» **REQUIRED WORK**
A verbatim copy of the listing is what is needed, minus any pictures.

» **DATA EXCERPT**
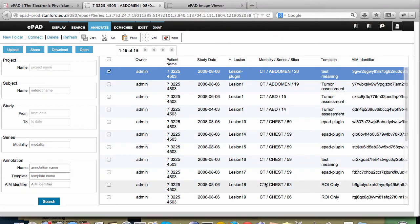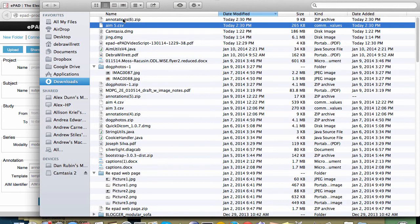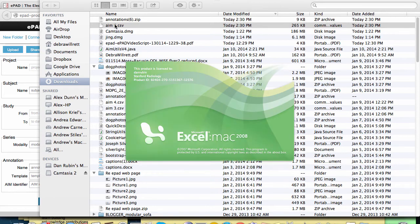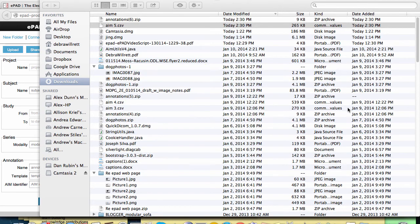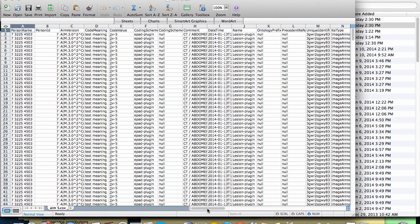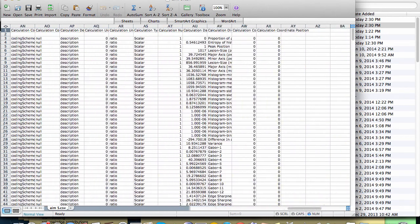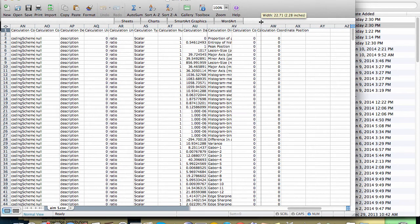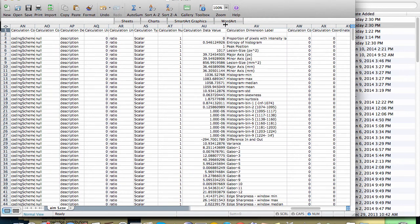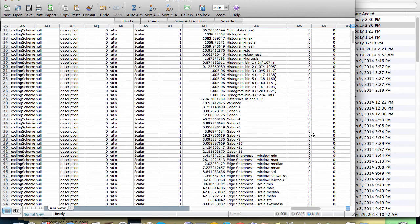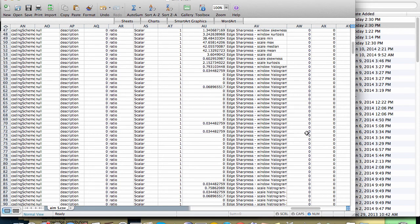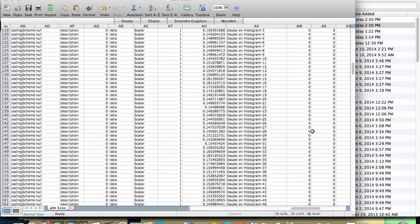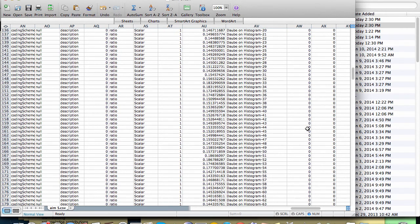Then I'm going to open this spreadsheet up and take a look at it. For the region of interest that I circled — the spline — I've calculated a number of feature vectors which include edge sharpness, shape, and texture. You can use this data to find other lesions from other patients with similar characteristics.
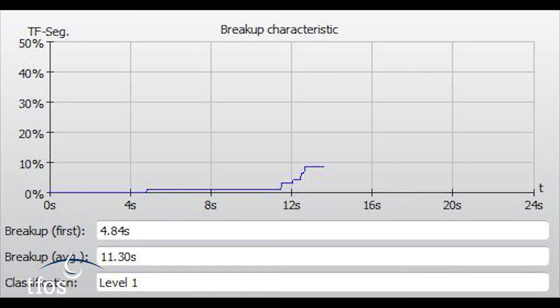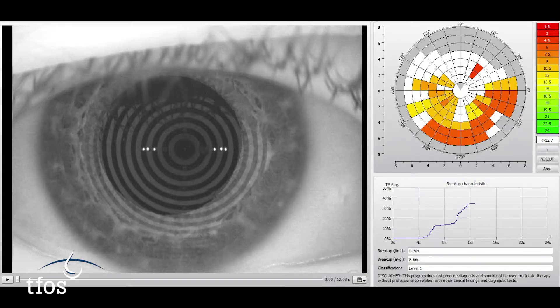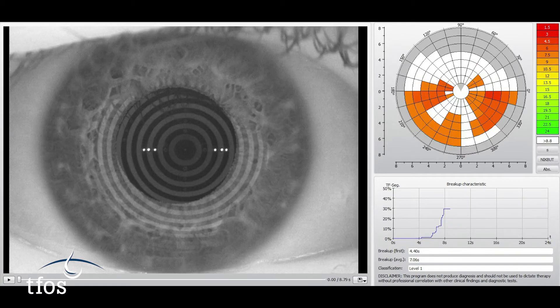A shallow gradient indicates gradual destabilisation of the film, whereas dry eye patients tend to exhibit a quicker break-up time with a steeper gradient.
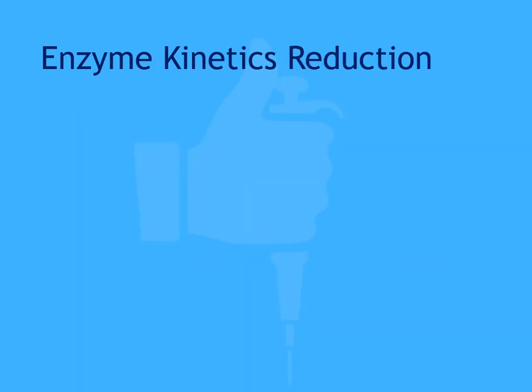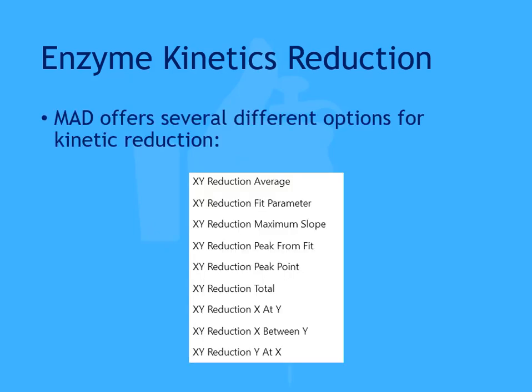The available XY reduction transforms in My Assays Desktop are XY reduction average, fit parameter, maximum slope, peak from fit, peak point, total, x at y, x between y, and y at x.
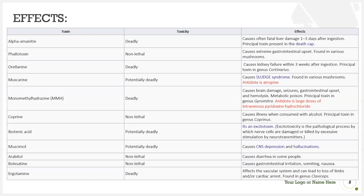Muscarine is potentially deadly and causes SLUDGE syndrome, found in various mushrooms; its antidote is atropine. Monomethyl hydrazine is also deadly, causing brain damage, seizures, GI upset, hemolysis, and acts as a metabolic poison. It is the principal toxin in the genus Gyromitra, with an antidote of large doses of IV pyridoxine hydrochloride. Coprine is non-lethal but causes illness when consumed with alcohol, and is the principal toxin in the genus Coprinus.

» **RESPONSE AREA**
Then I'm going to open this spreadsheet up and take a look at it. For the region of interest that I circled — the spline — I've calculated a number of feature vectors which include edge sharpness, shape, and texture. You can use this data to find other lesions from other patients with similar characteristics.
A shallow gradient indicates gradual destabilisation of the film, whereas dry eye patients tend to exhibit a quicker break-up time with a steeper gradient.
The available XY reduction transforms in My Assays Desktop are XY reduction average, fit parameter, maximum slope, peak from fit, peak point, total, x at y, x between y, and y at x.
Muscarine is potentially deadly and causes SLUDGE syndrome, found in various mushrooms; its antidote is atropine. Monomethyl hydrazine is also deadly, causing brain damage, seizures, GI upset, hemolysis, and acts as a metabolic poison. It is the principal toxin in the genus Gyromitra, with an antidote of large doses of IV pyridoxine hydrochloride. Coprine is non-lethal but causes illness when consumed with alcohol, and is the principal toxin in the genus Coprinus.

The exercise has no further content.